Mme [G] [J] a conclu un contrat de location-gérance d’un fonds de commerce saisonnier, de restauration, snack en date du 14 avril 2023. Celle-ci a été consentie moyennant une redevance de 10 800 € TTC payable en deux échéances de 5 400 €, l’une le 1 er juillet et l’autre le 1 er août 2023.
Une somme de 4 000 € devait être remise au bailleur à titre de cautionnement au jour de la signature du contrat.
Mme [G] [J] n’a pas procédé au paiement des sommes évoquées ci-dessus.
Elle a quitté le camping le 1 er août 2023.
La société SAS [M] SARLAT l’a alors mise en demeure, par l’intermédiaire de son conseil, le 23 janvier 2024, de régulariser la situation. Celle-ci est restée sans réponse.
C’est la raison pour laquelle SAS [M] SARLAT a assigné, le 18 juin 2024, Mme [G] [J], devant le Tribunal de commerce de Bergerac à l’audience du 11 septembre 2024 aux fins de faire condamner cette dernière au paiement des sommes dues.
L’affaire a été renvoyée devant le juge chargé d’instruire l’affaire à l’audience de mise en état du 23 octobre 2024 et un calendrier de procédure a été mis en place. L’audience de plaidoirie a été fixée au 4 juin 2025.
C’est en l’état que l’affaire se présente devant le Tribunal de Commerce de BERGERAC.
L’audience de plaidoirie a eu lieu le mercredi 4 juin 2025 au cours de laquelle ont comparu les avocats des parties A l’issue de l’audience, le tribunal a prononcé la clôture des débats et mis l’affaire en délibéré au 27 août 2025
MOYENS ET PRETENTIONS DES PARTIES
Pour plus amples exposés des faits, de la procédure, des moyens et prétentions des parties, le tribunal renvoie à leurs écritures régulièrement signifiées en application des dispositions de l’article 455 du Code de procédure civile.

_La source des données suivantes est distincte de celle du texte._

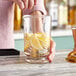 A person mixing a drink in an Acopa footed cocktail stirring glass with a spoon.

La société SAS [M] SARLAT demande au tribunal de :
Vu les articles 1103, 1104, 1219, 1231-1, 1236-6, 1342-2 et 1347 du Code civil, les moyens et les pièces.
Juger la rupture du contrat de location gérance aux torts exclusifs de Mme [G] [J],
Condamner Mme [G] [J] au paiement de la somme de 10 800 € suivant facture avec intérêts au taux légal à compter de la mise en demeure en date du 15 juillet 2023,
Ordonner la capitalisation des intérêts
A titre subsidiaire,
Ordonner la compensation des créances
En tout état de cause,
Dire n’y avoir pas lieu à écarter l’exécution provisoire à intervenir
Condamner Mme [G] [J] à verser à la société SAS [M] SARLAT la somme de 1000 € à titre de dommages et intérêts pour mauvaise foi,
Débouter Mme [G] [J] du surplus de ses demandes, fins et prétentions,
Condamner Mme [G] [J] à verser à la société SAS [Localité 2] la somme de 2 500 € sur le fondement de l’article 700 du Code de procédure civile ainsi qu’aux dépens.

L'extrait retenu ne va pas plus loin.